The next step was to discover if humans have those same bacteria in their guts, and the answer was… we do! Bummer! The only thing those of us who have been consuming Stevia can be consoled with, is that it is not likely we consumed the threshold amount indicated by the study (1.8mg of Stevia per pound of body weight). But it is time to STOP. It is not worth the risk of DNA damage .
IS THERE A LOW-CALORIE SWEETENER THAT IS SAFE?
THANKFULLY THERE IS!
“The natural sweetener erythritol does not appear to carry the adverse effects associated with other low and non-caloric natural and artificial sweeteners and may actually have antioxidant potential.” Michael Gregor, MD
The National Institutes of Health (NIH) published the following conclusions from a recent laboratory study conducted by researchers in the Netherlands, April 2010 entitled:
Erythritol is a sweet antioxidant
Basically, they reported that “erythritol acts a strong antioxidant with favorable effects on blood vessels.
Erythritol is a sugar alcohol that naturally occurs in small amounts in such foods as melons and peaches. Available since 1994 as a food sweetener, it is without calories and does not raise blood sugar levels or promote tooth decay.
Unlike other sugar alcohols which are used as sweeteners, it is well absorbed from the digestive tract and does not have a laxative side-effect (like Xylitol). It is passed into the urine and eliminated from the body. The purpose of the study was to investigate the antioxidant properties of erythritol.
The antioxidant activity of erythritol was evaluated in biochemical tests and in tests performed in laboratory rats. The biochemical tests showed a dose dependent ability of erythritol to scavenge the hydroxyl radical.

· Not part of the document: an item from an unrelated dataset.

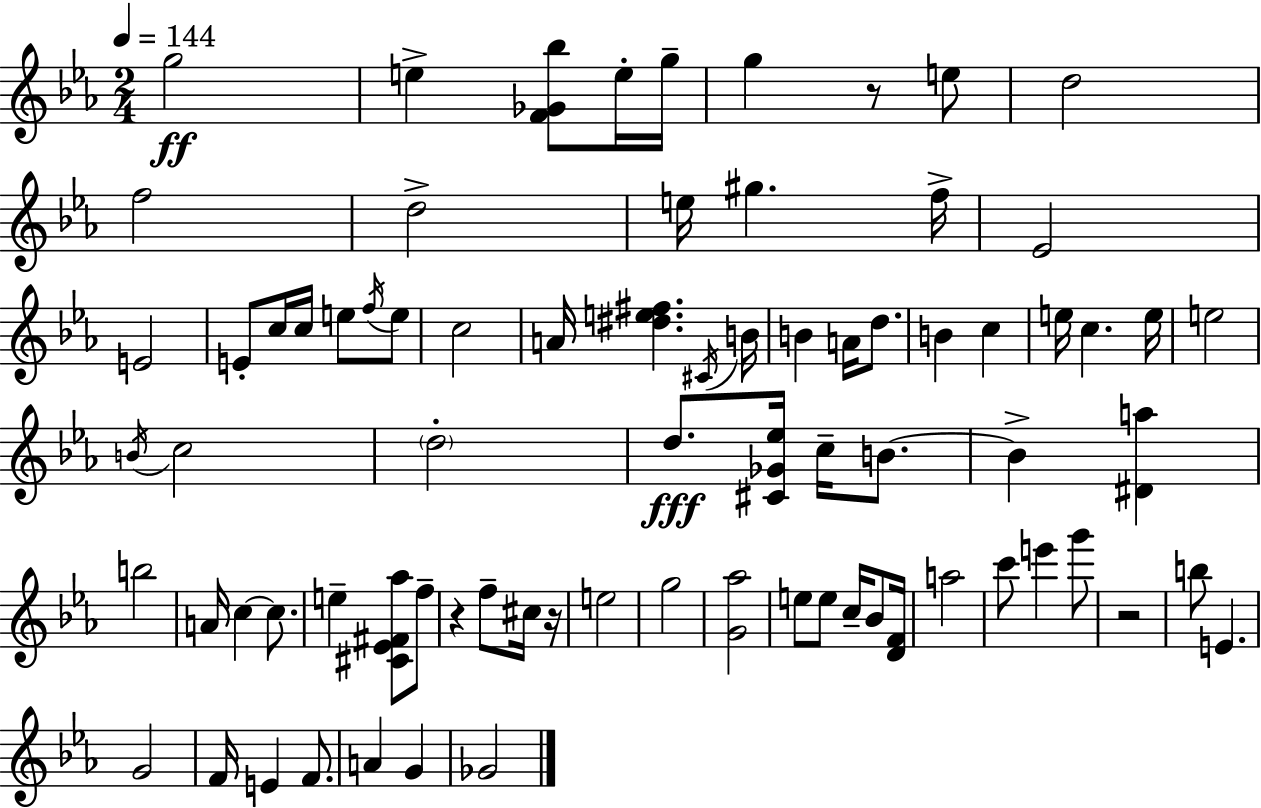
G5/h E5/q [F4,Gb4,Bb5]/e E5/s G5/s G5/q R/e E5/e D5/h F5/h D5/h E5/s G#5/q. F5/s Eb4/h E4/h E4/e C5/s C5/s E5/e F5/s E5/e C5/h A4/s [D#5,E5,F#5]/q. C#4/s B4/s B4/q A4/s D5/e. B4/q C5/q E5/s C5/q. E5/s E5/h B4/s C5/h D5/h D5/e. [C#4,Gb4,Eb5]/s C5/s B4/e. B4/q [D#4,A5]/q B5/h A4/s C5/q C5/e. E5/q [C#4,Eb4,F#4,Ab5]/e F5/e R/q F5/e C#5/s R/s E5/h G5/h [G4,Ab5]/h E5/e E5/e C5/s Bb4/e [D4,F4]/s A5/h C6/e E6/q G6/e R/h B5/e E4/q. G4/h F4/s E4/q F4/e. A4/q G4/q Gb4/h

Erythritol showed no activity against superoxide free radicals.
Erythritol was then tested in the living system of the rat. Not only was a strong antioxidant effect demonstrated, but also favorable effects to blood vessels were observed.”
So it looks like I am going to have to start the lengthy process of editing my dessert recipes to remove Stevia and replace it with Erythritol!
BAKING with Erythritol
According to the Calorie Control Council, erythritol is “approximately 70 percent as sweet” as sugar. Use a quarter more than the sugar specified in a recipe, to taste.